Next, I started feeding my most promising keywords into Google and looking for websites that might meet my “similar” criteria. I used a lot of my own knowledge to guess at terms that might show up relevant sites, and focused on places where I’d already heard they had a strong local food culture, such as California, the Pacific Northwest of the US, the southwest of England, as well as Australia’s best known food regions.
As I found comparable websites, I made a note of them in another spreadsheet tab, along with their Domain Authority and Facebook and Twitter follower figures. I also kept some rough notes of any ideas that the websites sparked, which I might be able to adapt for Eat Local Ballarat.
What I was looking for here was websites with relatively high DAs and good engagement (keeping in mind their niche topic matter and regional geography), and I found them.
- Transition Town Totnes (a UK based local sustainability group who do a lot of food stuff) has a DA of 40 and over 6000 social followers, and this is for a town of just 8,600 people!
- The US-based “Edible” magazines provide local food coverage for various cities. Examples of smaller cities/regions include:
- Edible Reno-Tahoe: population 250k, website DA 29, social followers 5,400
- Edible Cape Cod: population 200k, website DA 33, social followers 6,300
- Edible San Luis Obispo: population 46k, website DA 17, social followers 2,500
- Daylesford Macedon Produce (a region just north and east of here, with a few towns of around 2,000 people each) has a DA of 29 and 1800 social followers.

Daylesford Macedon Produce, serving an area just north and north-east of here, is doing a fabulous job.
On the whole, I found a fairly good range of sites with higher DAs and social media followings than the Ballarat sites I’d previously researched. So it is possible to be pretty successful with a website about local food, in a regional area!
Putting it all together
To summarise the insights I’ve gained:
- Interest in topic: Search terms related to local food are steady or growing in popularity in Australia. Some of the most popular terms get around 8,000 searches a month Australia-wide. I now know which keywords are the most popular.
- Absence of local coverage: When searching for the most popular terms along with the qualifier “Ballarat”, there aren’t many good (comprehensive, recent, expert, authoritative, trustworthy) local results. Answers are scattered and often include generic, non-local directory websites. DAs are mostly in the teens. Local websites covering this topic have social media followings in the hundreds to low thousands.

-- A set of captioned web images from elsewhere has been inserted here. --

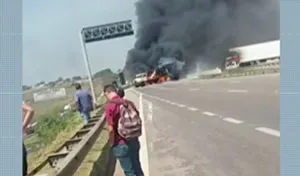 Pessoas observando incêndio numa rodovia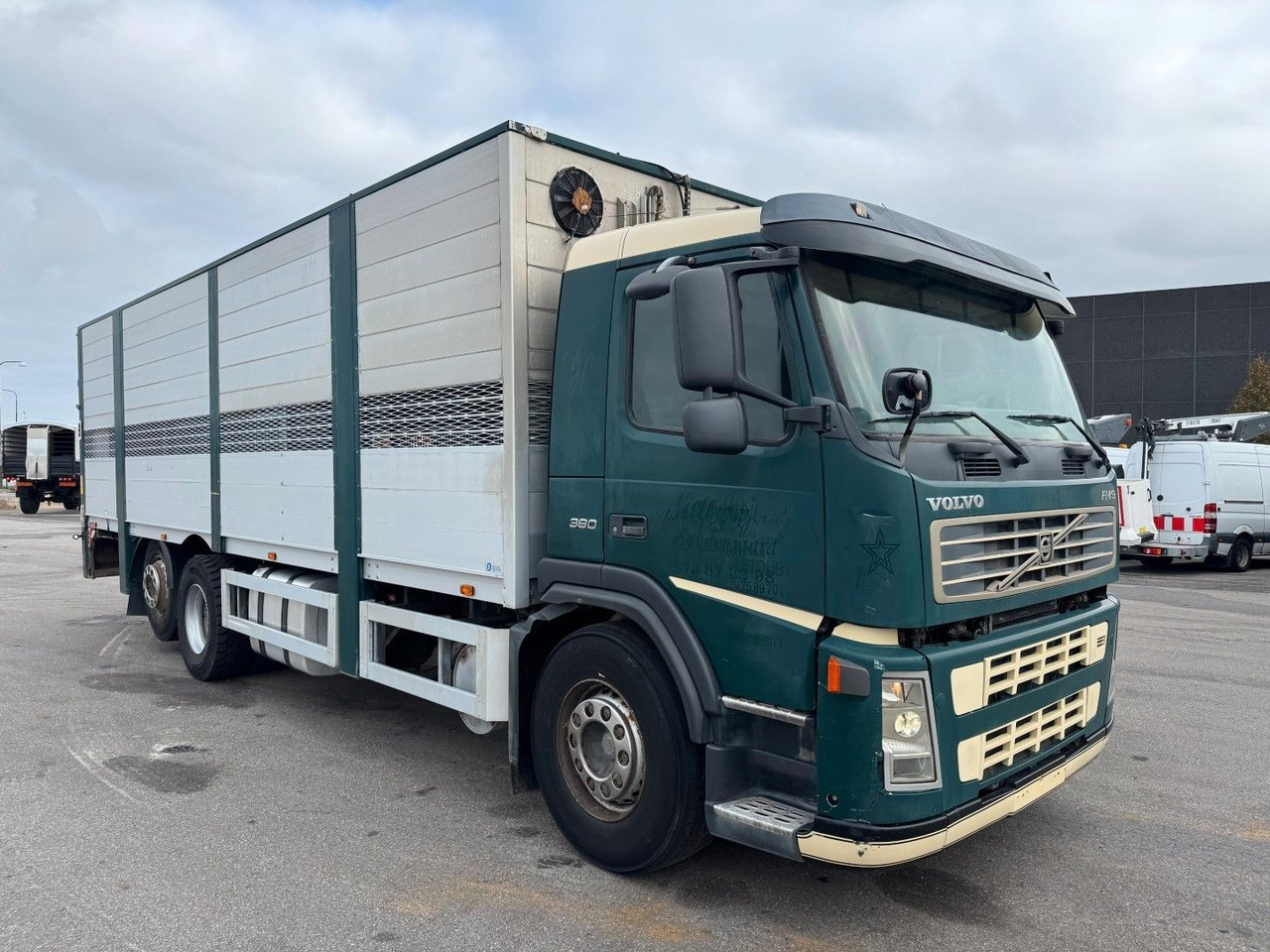 Volvo FM9 380 6x2*4 Tiertransporter / Livestock - Horse truck: picture 2 Volvo FM9 380 6x2*4 Tiertransporter / Livestock - Horse truck: picture 2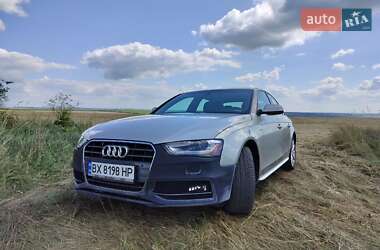 Седан Audi A4 2014 в Кам'янець-Подільському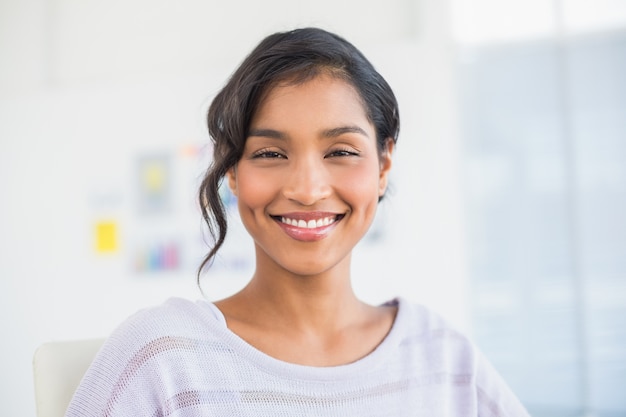 Sorridente imprenditrice al lavoro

- Success of comparable websites elsewhere: comparable local food websites in other regions can achieve DAs 30-40 range, and social media followings in the 2000-6000 range. Reviewing their technical setup and publishing practices, it looks like they could be doing even better if they wanted.
In conclusion: there’s a gap. We have an interest in the topic, the topic can be covered in such a way that it will get good traction, but local websites aren’t currently achieving that.
Based on this, and my previous work on finding the best existing Ballarat websites, my guess is that a focused local food site for Ballarat, with good attention to SEO and other inbound marketing practices, should be able to achieve a DA of at least 30 and a couple of thousand social followers. That would put it among Ballarat’s top sites, and sounds like a worthwhile project to take on.
Concept: validated!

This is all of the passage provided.